- _SUPPLIED RECORDS_:

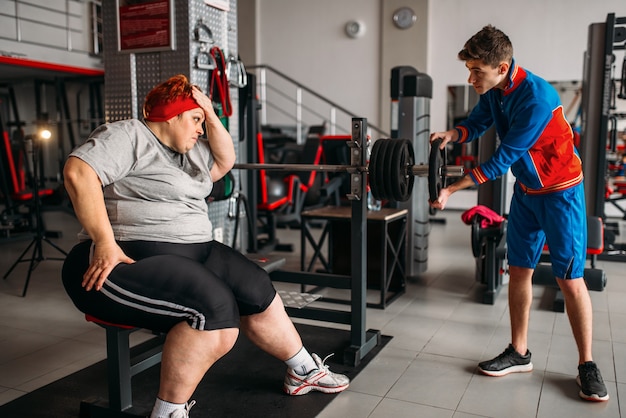 Dikke vrouw met behulp van barbell, training met instructeur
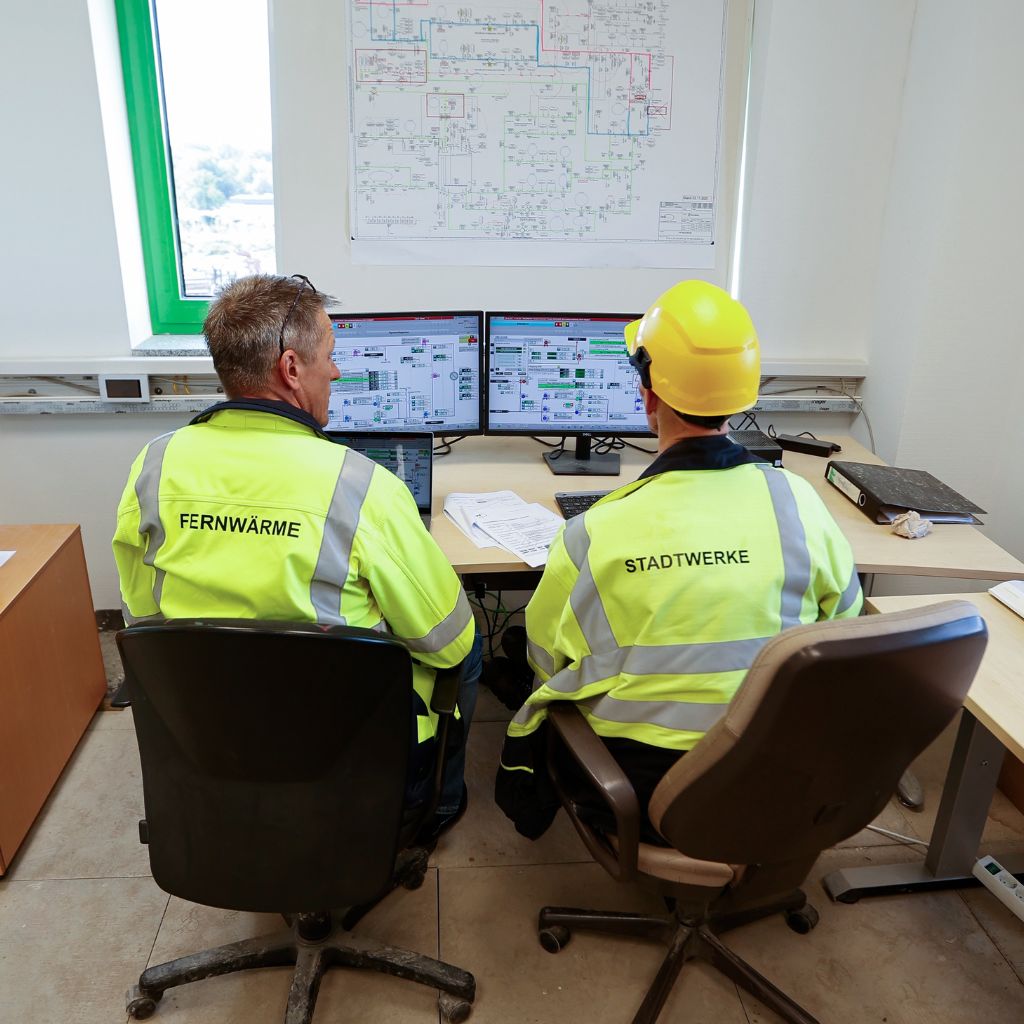 Zwei mitarbeiter der Stadtwerke und Fernwärme sitzen vor Computerbildschirmen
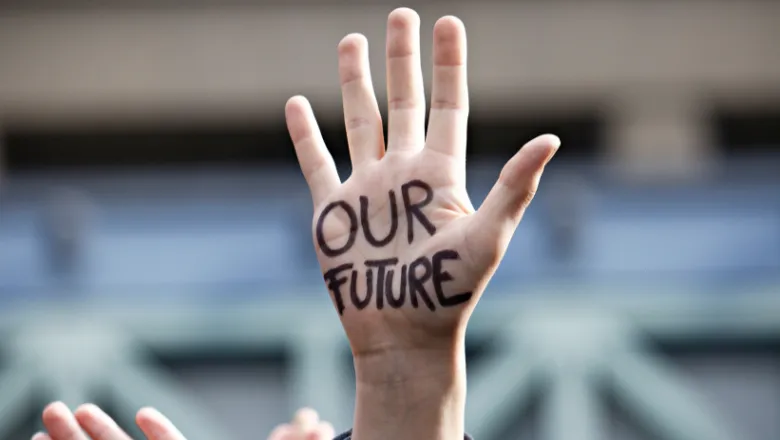 hand in air with 'our future' written on palm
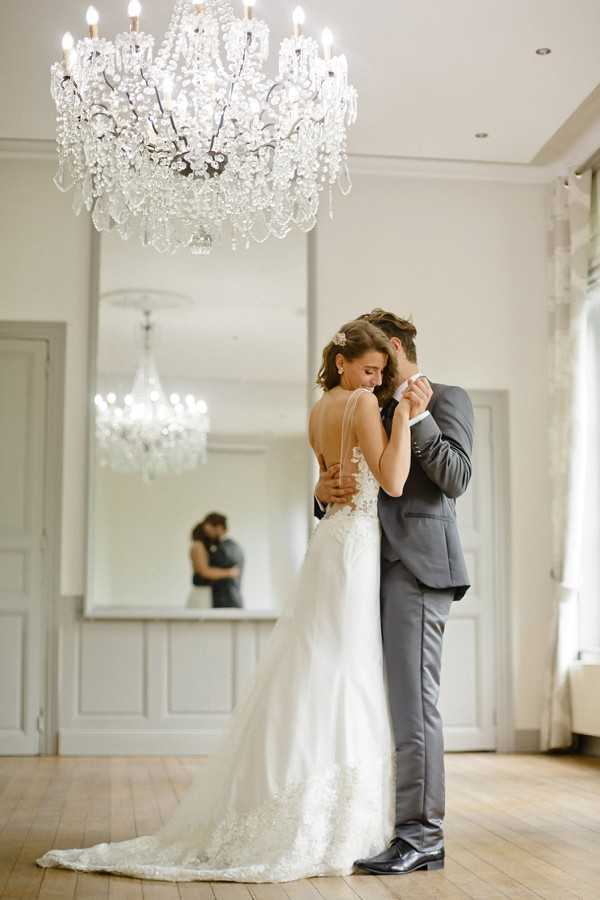 A bride and groom share an intimate embrace in a bright, white-panelled interior room with light hardwood flooring. The bride wears a fitted ivory lace gown with a low open back, floral appliqué detailing, and a trailing skirt, with her dark hair pinned up with a small hair accessory. The groom wears a mid-grey suit with a white dress shirt. A large floor-to-ceiling mirror behind them reflects their embrace from the opposite angle, creating a layered visual effect. A crystal chandelier hangs prominently in the foreground above the couple, and a second chandelier is visible in the mirror reflection. The composition is a full-length portrait shot taken indoors, likely in a chateau or manor house reception room.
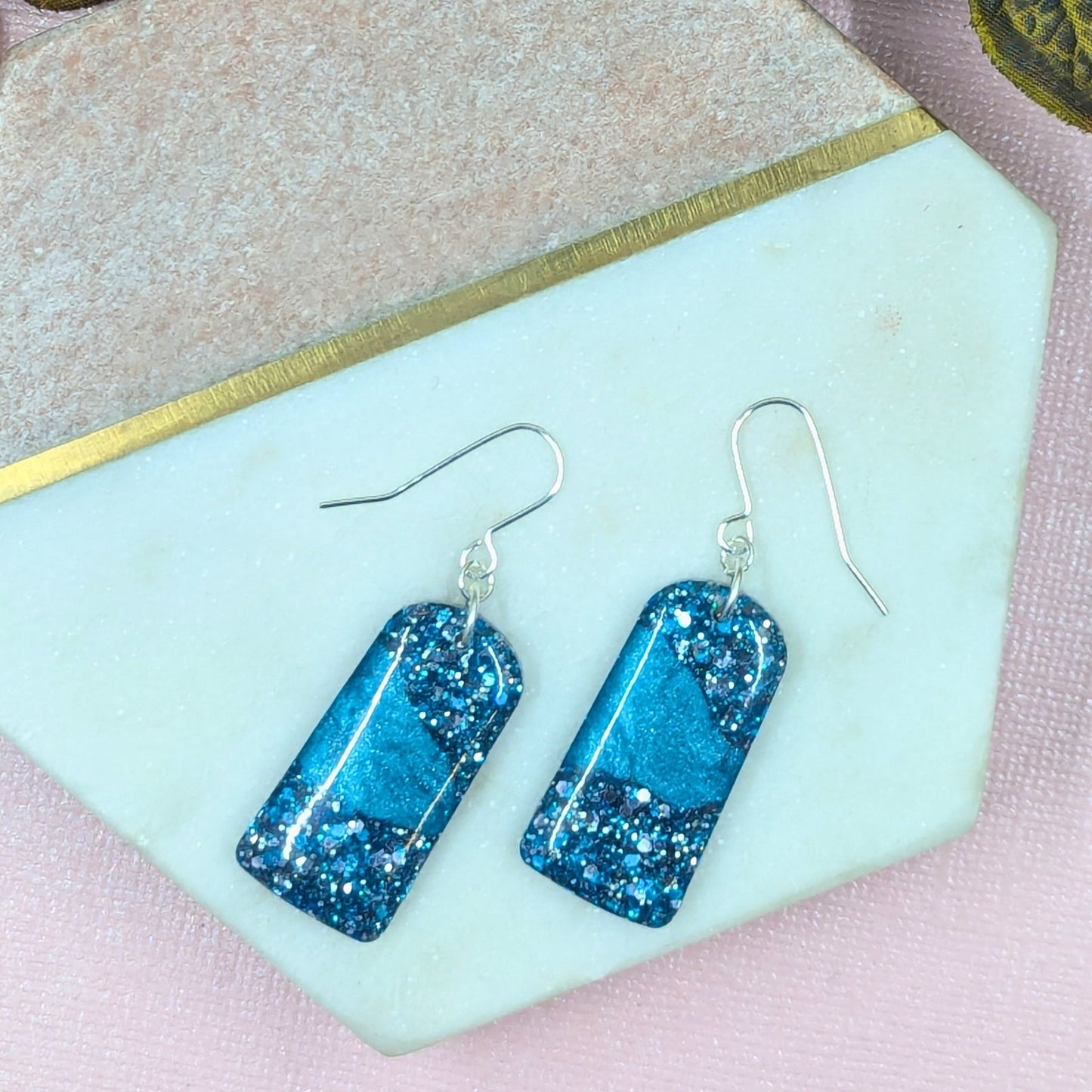 "Sarai" Blue Metallic Glitter Resin Arch Earrings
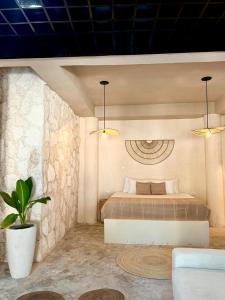 een slaapkamer met een bed en een potplant bij Alquimia Hotel Boutique in Tulum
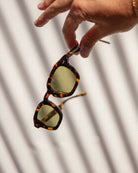 Tortoiseshell sunglasses with yellow-green tinted lenses held by hand against white fabric background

- _EXERCISE GOAL_: Please write out exactly, and only, the lines from the beginning of the entries through the line containing "hand in air", including both and skipping all pictures.

- _OUTPUT FOR THIS EXERCISE_:
 Dikke vrouw met behulp van barbell, training met instructeur
 Zwei mitarbeiter der Stadtwerke und Fernwärme sitzen vor Computerbildschirmen
 hand in air with 'our future' written on palm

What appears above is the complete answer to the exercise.